Elite runner dies during U.S. marathon trials
By The Associated Press
Monday, November 05, 2007 |
NEW YORK — An autopsy of elite runner Ryan Shay was inconclusive Sunday after the 28-year-old collapsed and died in Central Park at the U.S. men’s marathon Olympic trials a day earlier.
“We want to take a closer look at the heart tissue,” said Ellen Borakove, spokeswoman for the city medical examiner’s office. She said the office likely would reach a conclusion in a week after examining Shay’s tissue on microscopic slides.
Shay collapsed about 51⁄2 miles into the race Saturday, and later was pronounced dead at a city hospital.
His father, Joe Shay, told The Associated Press on Saturday that Ryan was diagnosed with an enlarged heart at age 14. But doctors had repeatedly cleared him for competition, because having a larger than normal heart is not unusual among elite athletes. Training hard in aerobic sports, such as cycling, running or swimming, tends to result in a bigger heart that pumps more blood throughout the body.
Dr. Douglas Zipes, a spokesman for the American College of Cardiology who studies sudden deaths in athletes, said it can be difficult to differentiate a normal athlete’s heart from potentially deadly hypertrophic cardiomyopathy.
Cardiac echo tests and electrocardiograms can help evaluate whether the heart is healthy or not, said Zipes, a distinguished professor at the Indiana University School of Medicine. Genetic testing can also determine whether a person is at risk for certain problems.
Still, those precautions may not catch everything.
Joe Shay said doctors could not adequately test Ryan using a treadmill when he was a teenager because his heart rate was so low. Zipes said that’s not uncommon among elite athletes.

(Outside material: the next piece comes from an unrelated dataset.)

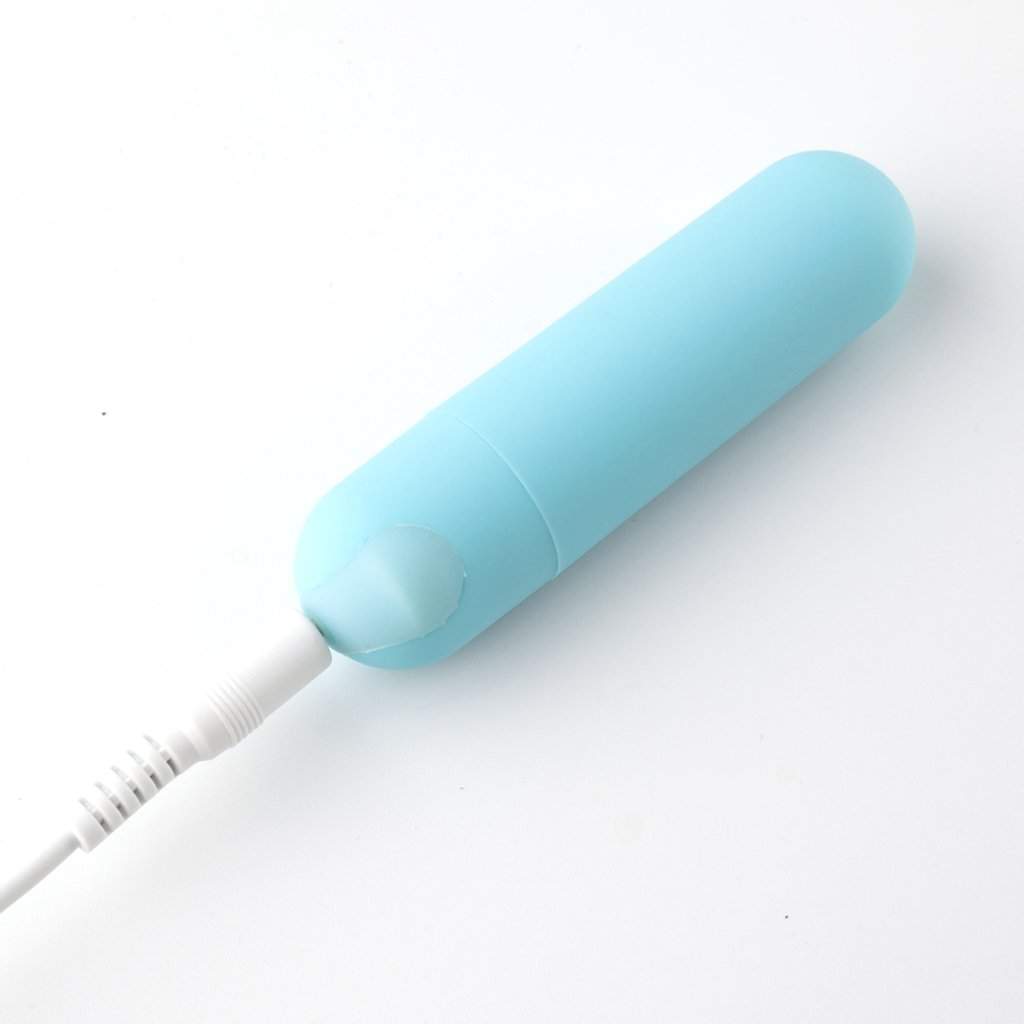 SERA MAIA CLITORAL LAY ON VIBRATOR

Shay’s wife, Alicia, also is a top distance runner. They married in July.
“My thoughts and prayers just go out to them and their family,” said winner Ryan Hall, a college teammate of Alicia’s at Stanford. “It’s a sad thing.”
Hall, Dathan Ritzenhein and Brian Sell won the three spots on the men’s marathon team, prevailing in a field of 131 that included Meb Keflezighi, silver medalist at the 2004 Olympics.
Hall, bellowing over the final mile with his victory ensured, had never run a marathon before April. But he served notice he could compete with the world’s best when he made the fastest marathon debut by an American, finishing eighth against an elite field in London in April.
On Saturday, he won in a trials record time of 2 hours, 9 minutes, 2 seconds. He was followed by Ritzenhein in 2:11:07 and Sell in 2:11:40.
Khalid Khannouchi, the 35-year-old former world-record-holder who has never made an Olympic team, was fourth, nearly a minute behind Sell. Khannouchi, who has battled injuries, could earn a spot on the squad if Ritzenhein later qualifies in the 10,000 meters and chooses to compete in that race instead in Beijing.